The often-repeated answer to many questions about the numbers in the 2024-2025 time frame was the Diablo Canyon nuclear power plant. In the minimum local generation case for September 2025, for example, there is roughly 3,600 MWh of unserved load—largely attributed to the loss of generation from the nuclear plant. The numbers provided by the California Independent System Operator used in the simulation reflect retirement of the facility, CPUC staff said.
Still, many participants were concerned about the origins of the varied data and how the CPUC did its math—SoCal Gas in particular.
One person in attendance who identified as being with SoCal Gas took the commission to task for stating that there were problems in the system.
"We're not mitigating things," Brooks countered during the exchange. "We're pointing out things to be fixed."
"But why are you saying there's a problem? It's not a reliability issue. It's an investment issue," the SoCal Gas representative responded.
Brooks cut short the debate, saying, "I think I understand you and you understand me."
But it would not be the last frustration expressed in the question-and-answer sessions that peppered the online event. One issue noted several times was the limitations of available modeling tools, which aren't designed to answer the CPUC's specific questions.
As Anatoly Zlotnik, who has been working on Aliso Canyon modeling for several years through LANL, noted, "There is no commercial software that can solve this problem . . . The system is large and complicated . . . The answers are not simple . . . SoCal operators do quite a good job given the tools they have." It could be possible, for example, to eventually develop a tool to evaluate a unique issue such as zonal capacity, Zlotnik said.
Others were frustrated with assumptions made about the operation of lines 235-2 and 4000, the status of which is an ongoing sore spot (see CEM No. 1526). One speaker said the reduction in pressure on those lines "should not be part of this simulation because this is an operational issue SoCal Gas has decided to work with" rather than based on available capacity. Staff countered that they do not see the lines "coming back to capacity." Were SoCal Gas to fix the line outages, then the assumption would be that supplies would increase; however, the CPUC simulations are designed to mesh with how the pipeline has traditionally been operated, they said.
Lisa Cosby of the CPUC's energy resource modeling team delved into a single scenario to evaluate whether the system could operate without Aliso Canyon on a 1-in-10 winter day. The simulation failed. System pressures were below the minimum operating level, demand was not met, the linepack was not restored, and roughly 731 MMcfd would be needed to meet demand on that modeled winter day. Cosby reiterated when pressed that "even with the best-case scenario, Aliso Canyon is needed. That's what this simulation is saying."

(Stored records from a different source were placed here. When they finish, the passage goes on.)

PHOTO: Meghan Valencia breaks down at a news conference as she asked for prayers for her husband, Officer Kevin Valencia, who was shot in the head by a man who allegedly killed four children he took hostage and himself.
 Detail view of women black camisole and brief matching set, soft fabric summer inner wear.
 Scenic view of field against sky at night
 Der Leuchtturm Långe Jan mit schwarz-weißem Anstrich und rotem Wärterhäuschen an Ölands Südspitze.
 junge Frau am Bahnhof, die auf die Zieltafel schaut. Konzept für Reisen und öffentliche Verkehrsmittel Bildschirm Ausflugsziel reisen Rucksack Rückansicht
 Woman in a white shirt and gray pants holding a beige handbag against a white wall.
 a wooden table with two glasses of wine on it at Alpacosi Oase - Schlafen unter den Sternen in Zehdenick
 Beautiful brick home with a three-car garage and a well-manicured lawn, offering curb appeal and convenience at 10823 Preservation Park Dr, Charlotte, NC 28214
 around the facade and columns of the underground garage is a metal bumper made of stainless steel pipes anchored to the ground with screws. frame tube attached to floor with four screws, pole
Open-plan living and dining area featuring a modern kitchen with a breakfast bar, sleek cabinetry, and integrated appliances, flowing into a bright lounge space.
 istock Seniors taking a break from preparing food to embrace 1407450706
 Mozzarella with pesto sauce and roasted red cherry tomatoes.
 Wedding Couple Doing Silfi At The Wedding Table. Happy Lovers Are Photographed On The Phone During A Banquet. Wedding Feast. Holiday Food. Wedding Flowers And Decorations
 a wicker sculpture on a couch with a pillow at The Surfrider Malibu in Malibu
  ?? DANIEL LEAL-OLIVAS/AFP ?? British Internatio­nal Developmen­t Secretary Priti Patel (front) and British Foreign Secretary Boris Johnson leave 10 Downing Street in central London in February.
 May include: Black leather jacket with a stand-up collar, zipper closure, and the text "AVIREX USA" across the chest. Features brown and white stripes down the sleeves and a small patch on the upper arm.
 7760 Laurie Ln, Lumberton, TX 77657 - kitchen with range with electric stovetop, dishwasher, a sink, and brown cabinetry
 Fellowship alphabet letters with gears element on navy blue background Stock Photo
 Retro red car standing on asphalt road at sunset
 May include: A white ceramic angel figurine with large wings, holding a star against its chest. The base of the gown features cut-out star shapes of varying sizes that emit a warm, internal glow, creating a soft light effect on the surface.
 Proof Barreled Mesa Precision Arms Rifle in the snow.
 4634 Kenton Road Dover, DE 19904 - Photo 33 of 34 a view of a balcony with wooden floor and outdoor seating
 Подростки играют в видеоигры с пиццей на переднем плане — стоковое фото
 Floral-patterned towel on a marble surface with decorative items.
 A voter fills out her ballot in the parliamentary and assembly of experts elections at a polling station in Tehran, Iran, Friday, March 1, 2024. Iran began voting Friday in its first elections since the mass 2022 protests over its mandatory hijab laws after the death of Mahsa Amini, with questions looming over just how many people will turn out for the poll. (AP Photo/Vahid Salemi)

In their presentation, Zlotnik and Mary Ewers of the Los Alamos lab, who conducted an independent review of the hydraulic modeling, said that looking at high-demand situations on one day in every 10 years—which reflects conditions such as a heat wave or a cold snap—is useful because not every potential system-reliability issue can be analyzed.
The key point to take from the modeling is that even when the system is stressed, it can still "get by" without Aliso Canyon, Zlotnik said. Ewers later reiterated that point when questioned.
The CPUC's Energy Division has begun accepting informal questions and comments on the presentations, according to staff. It is still working on the modeling for a 1-in-35, or extreme peak demand, scenario. Those results will be presented during a shorter webinar in the fall. The Phase 3 workshop is also forthcoming, and a firm was recently awarded a contract by the commission for work on that phase of the process.
A report containing the final results from the production cost and hydraulic modeling that will have been presented in these multiple-phase workshops will be published in fall 2020. This will be used "to help us finalize a decision on this proceeding," Brooks said.